Assignment: Although the records contain pictures, print none of them; print exactly the lines from the one with "Изображение Vention male" through the last line.

Data for review:
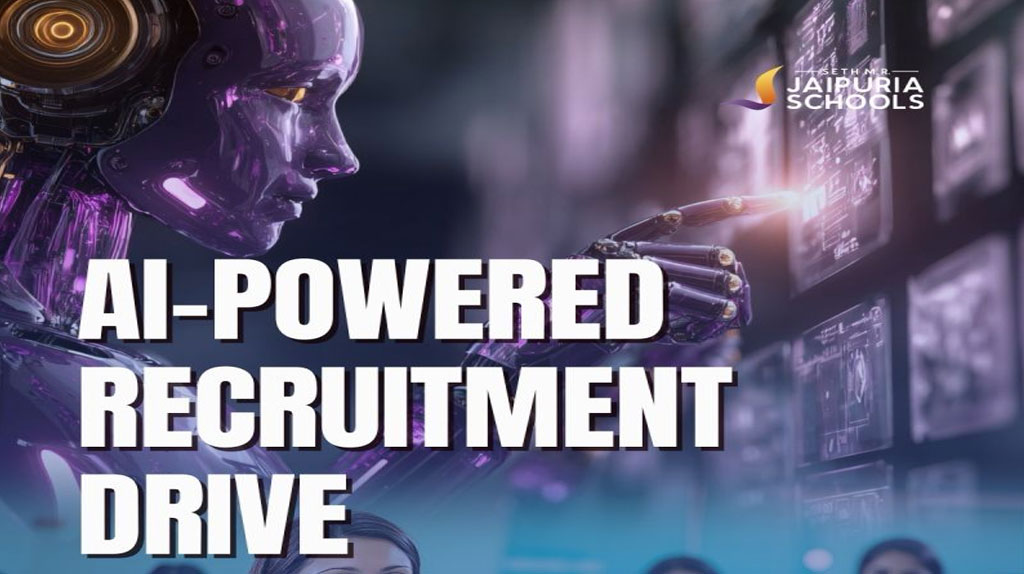 Exciting Career Opportunity!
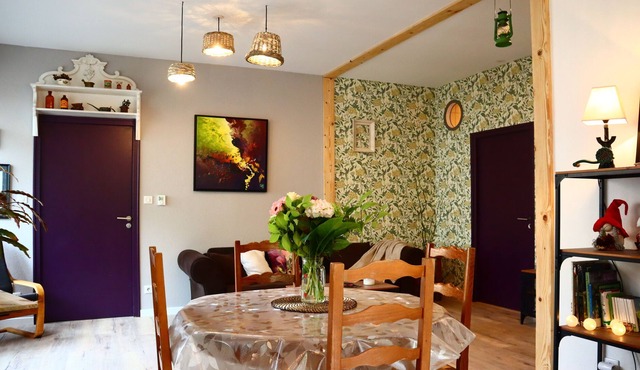 L'atelier des Ombelles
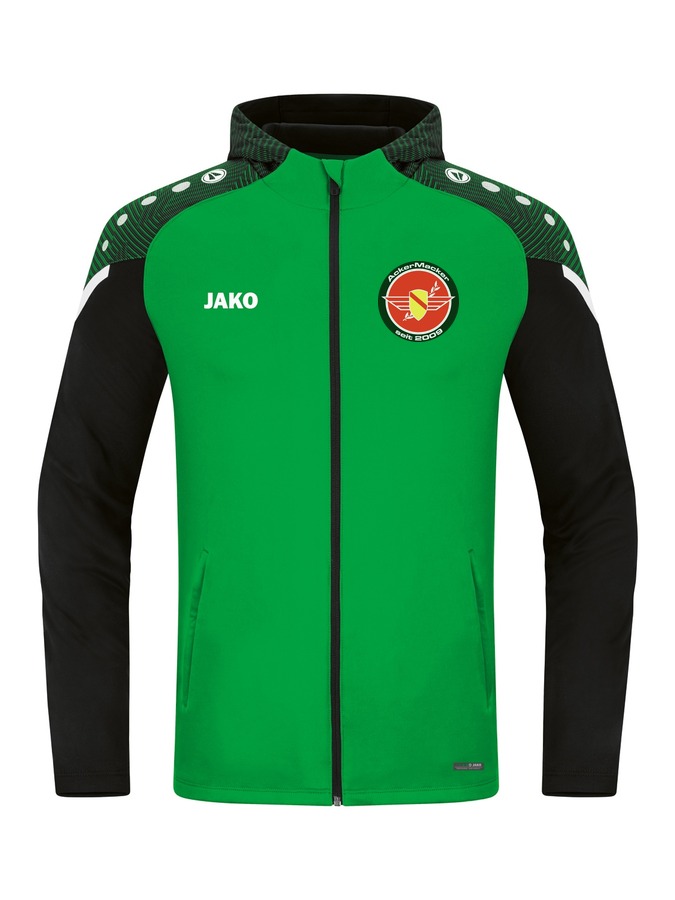 Jako Kapuzenjacke Performance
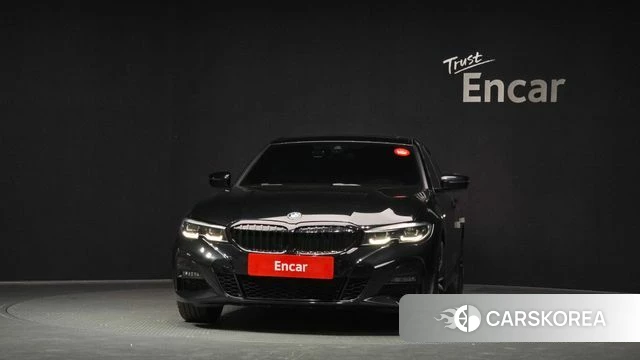 BMW 3 Series (G20) id 4244543 из Кореи 13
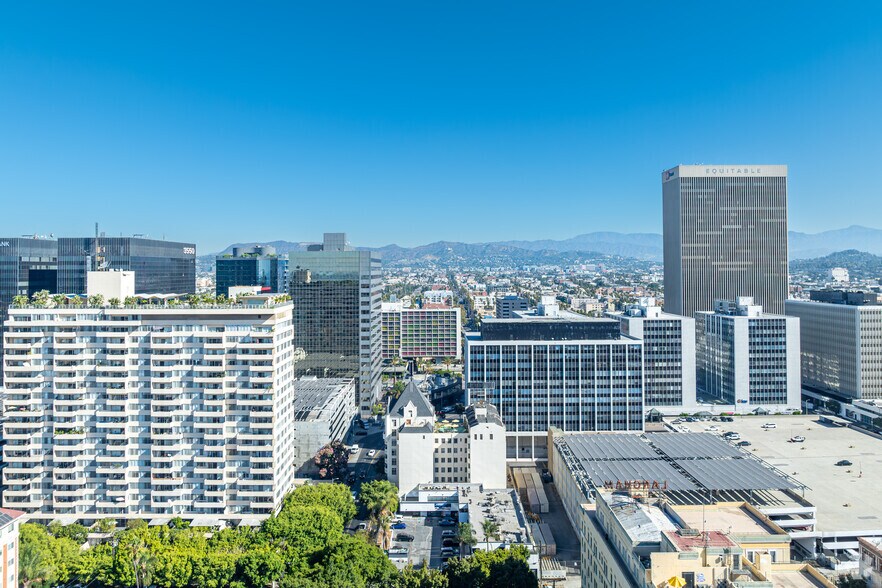 More Photos Of 682 Irolo St, Los Angeles Apartments For Sale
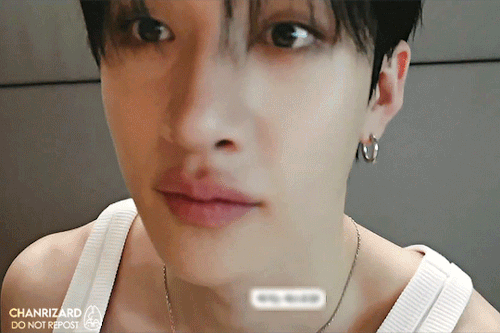 CHAN BANG VLOG 4 | Channie Close-Ups Collection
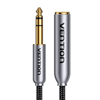 Изображение Vention male to female 6.35mm audio cable BCXHH 2m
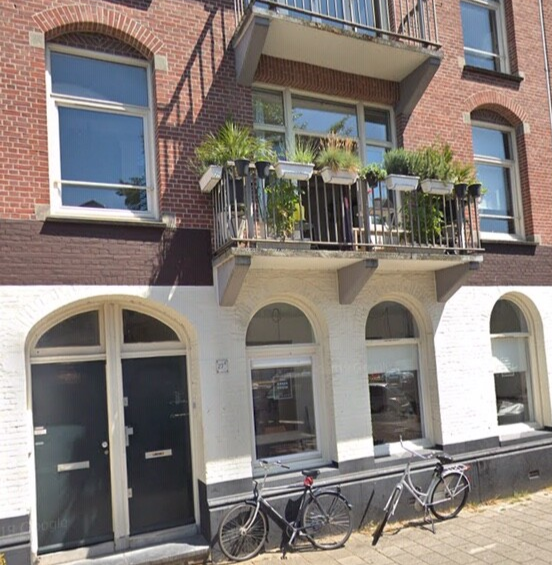 Contact Mark Holthuis van Holthuis Advies Coaching Training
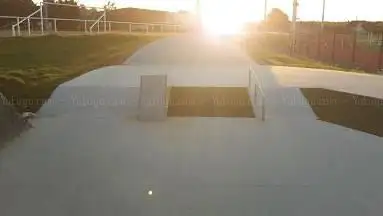 Photo de Skatepark Thorigny Sur Marne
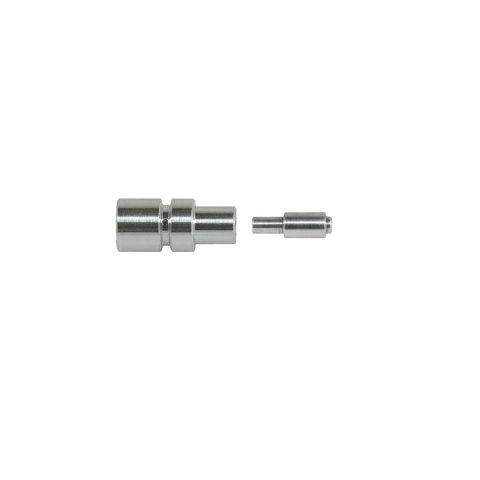 TransGo Automatic Transmission Boost Valves AODE-BOOST Specialty Components, AODE, 4R70W Drop-in Reverse Valve and Bushing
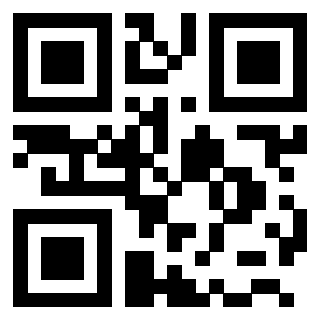 Immagine del Qr Code di 3203185583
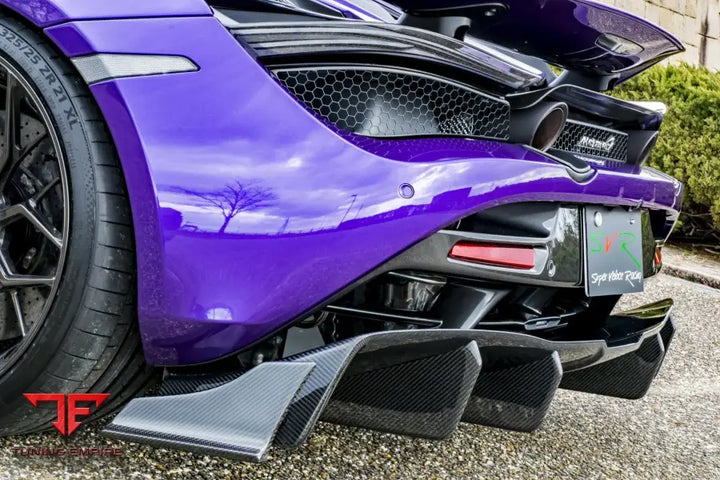 MCLAREN 720S BODY KIT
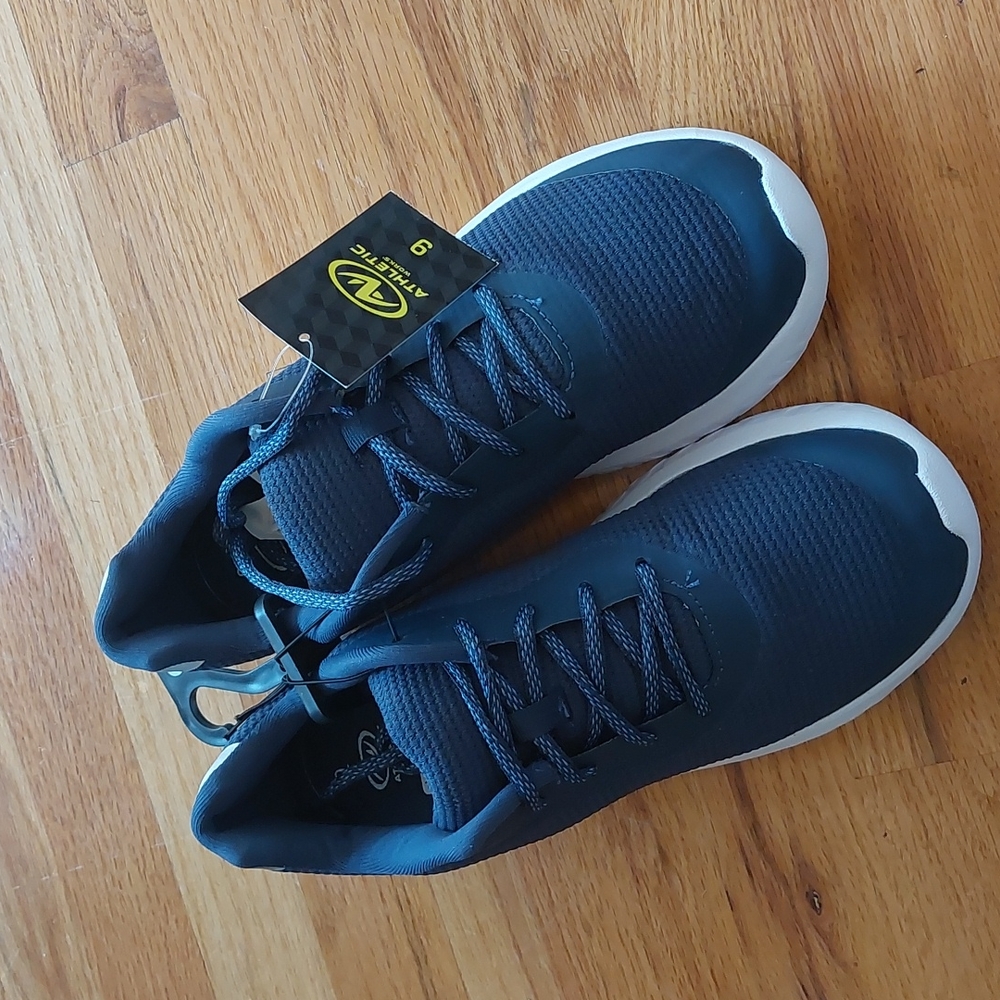 Athletic Works Memory Foam Shoes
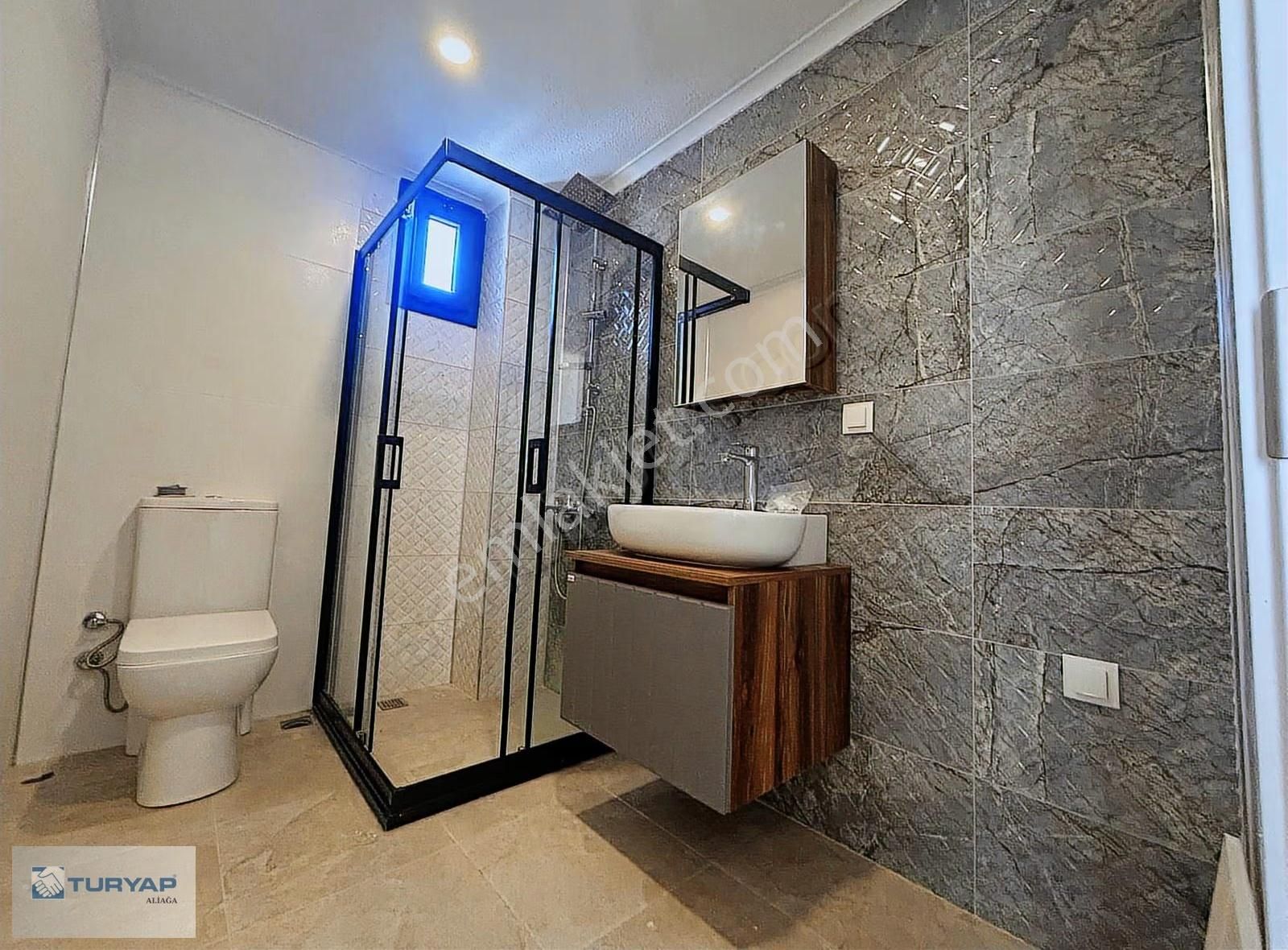 Yenişakran Sayfiye Mah.de Satılık 3+1 Triplex Villa - Görsel 10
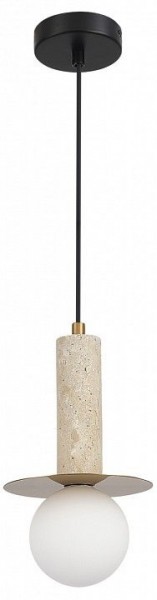 Подвесной светильник ST-Luce Earthy SL1194.303.01 в Советском - sovetskiy.ok-mebel.com | фото 2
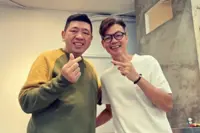 SG actor Mark Lee advises Taiwanese star Nono to face up to sexual assault allegations if they are true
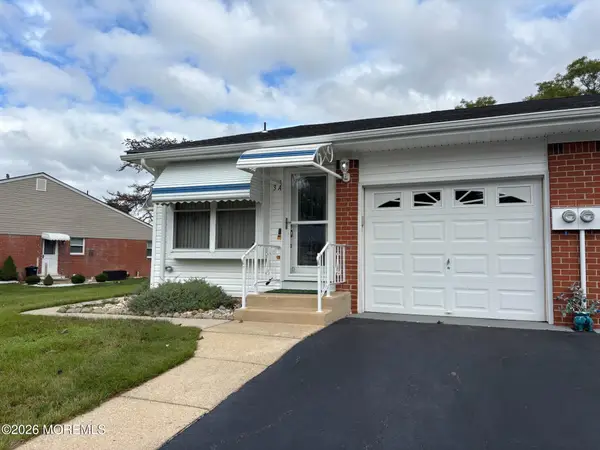 3 Yorktowne Parkway #A, Whiting, NJ 08759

Result for this task:
 Изображение Vention male to female 6.35mm audio cable BCXHH 2m
 Contact Mark Holthuis van Holthuis Advies Coaching Training
 Photo de Skatepark Thorigny Sur Marne
 TransGo Automatic Transmission Boost Valves AODE-BOOST Specialty Components, AODE, 4R70W Drop-in Reverse Valve and Bushing
 Immagine del Qr Code di 3203185583
 MCLAREN 720S BODY KIT
 Athletic Works Memory Foam Shoes
 Yenişakran Sayfiye Mah.de Satılık 3+1 Triplex Villa - Görsel 10
 Подвесной светильник ST-Luce Earthy SL1194.303.01 в Советском - sovetskiy.ok-mebel.com | фото 2
 SG actor Mark Lee advises Taiwanese star Nono to face up to sexual assault allegations if they are true
 3 Yorktowne Parkway #A, Whiting, NJ 08759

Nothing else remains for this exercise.